Structured evidence categories for the Evidence Layer. Every piece of evidence is stored, tagged, and traceable. Agents consume only this layer; Evidence → Inference → Judgment separation is enforced.

Categories

CategoryDescriptionTypical sources
product_surfaceHeadlines, key points, primary product messagePage crawl (homepage, product, docs)
documentationFeatures, use cases, benefits, technical detailsDocs/product pages
pricing_modelPlans, pricing model, raw pricing textPricing page, enrichment
social_proofCustomer logos, case studies, social metricsPage content, enrichment
brand_signalsMetadata (title, description), team, mission, org schema, UI capture refsAll pages, enrichment, UI capture
technical_signalsTechnical details, integration mentionsProduct/docs pages
distribution_hooksCTAs, integration mentions, distribution channels, trafficPages, enrichment
competitive_intelCompetitors, positioning, differentiation, lessonsEnrichment (search APIs, company DB, competitor crawl)

Tagged Evidence Item

Each item in the Evidence Layer has:

  • category: One of the categories above.
  • sourceUrl: Page or origin URL.
  • sourceType: "page" | "enrichment" | "ui_capture" | "api".
  • snippet: Optional summary for prompts.
  • extractedAt: ISO timestamp.
  • extractor: Intern/extractor name (e.g. product_crawl, enrichment).
  • payload: Opaque per-category data (e.g. plans, headlines).

Storage and Traceability

  • Raw crawl remains in company_crawls (discovered_pages, page_evidence, ui_captures, enriched_data).
  • Evidence Layer is built by normalizeFromCrawl() in core/evidence/normalize.ts and is the single structured view passed to orchestration. Optionally a snapshot can be stored for regression (not required in v1).
  • Every claim in reports should be supportable by EvidenceItem (sourceUrl, sourceType, snippet) in the reasoning layer; see reasoning-standards.md.

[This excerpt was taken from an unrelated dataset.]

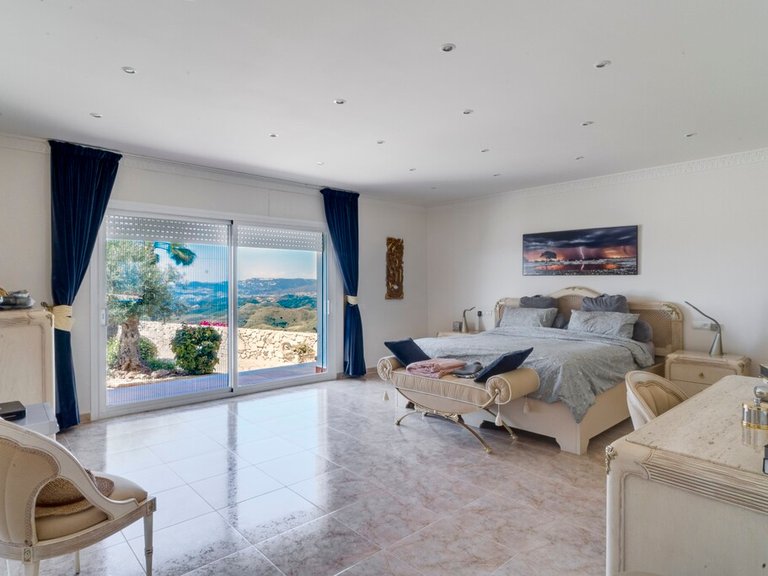 Villa for Sale in Valtocado, Malaga 26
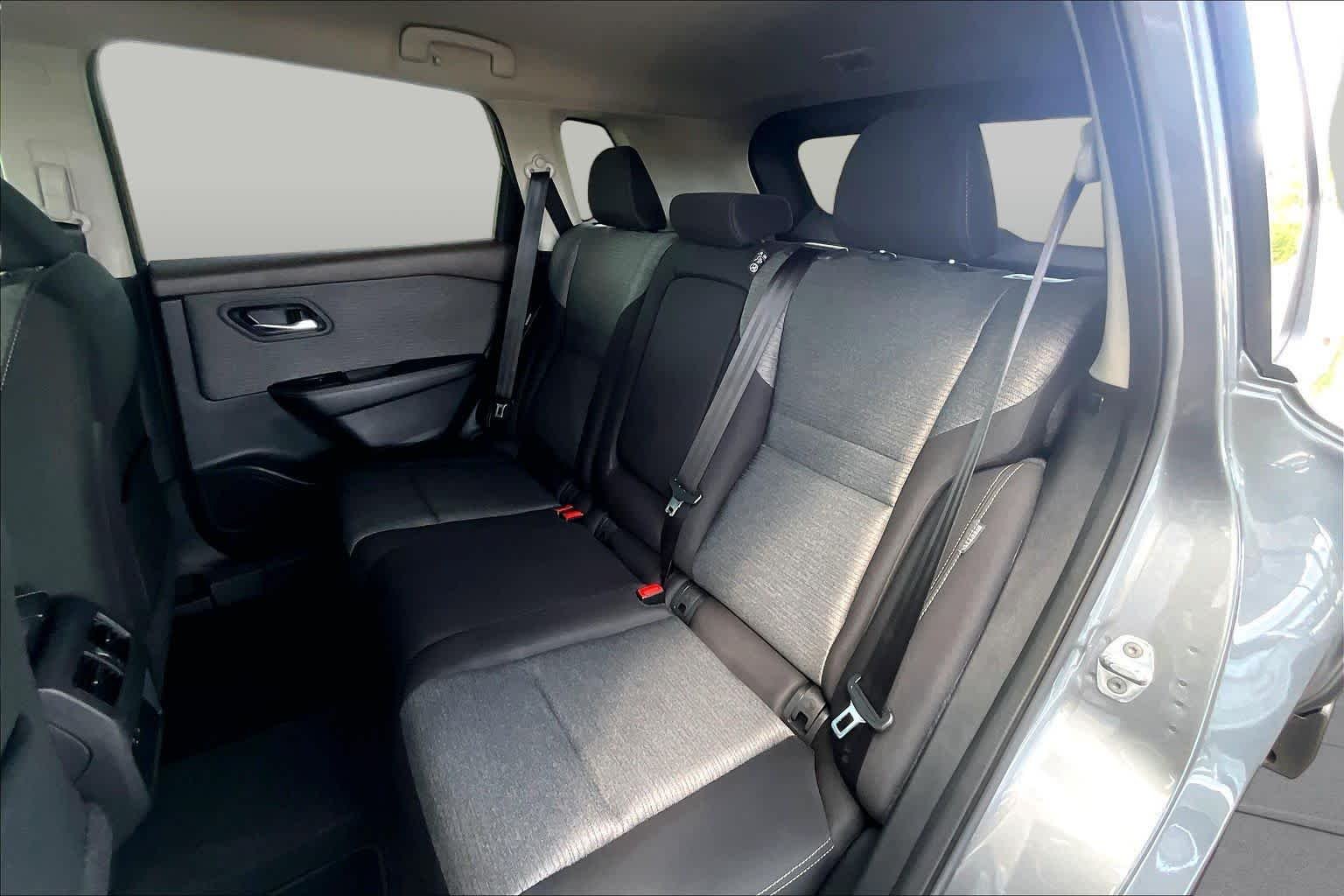 Used 2022 Gun Metallic Nissan SV image 18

Mapping from Crawl to Categories

  • Page evidence → product_surface, documentation, pricing_model, social_proof, brand_signals, technical_signals, distribution_hooks (by page type and content).
  • Enriched data → brand_signals (brand validation), distribution_hooks (distribution channels, traffic), social_proof (social metrics), competitive_intel (competitors).
  • UI captures → brand_signals (reference only; actual HTML/screenshots passed separately to CDO).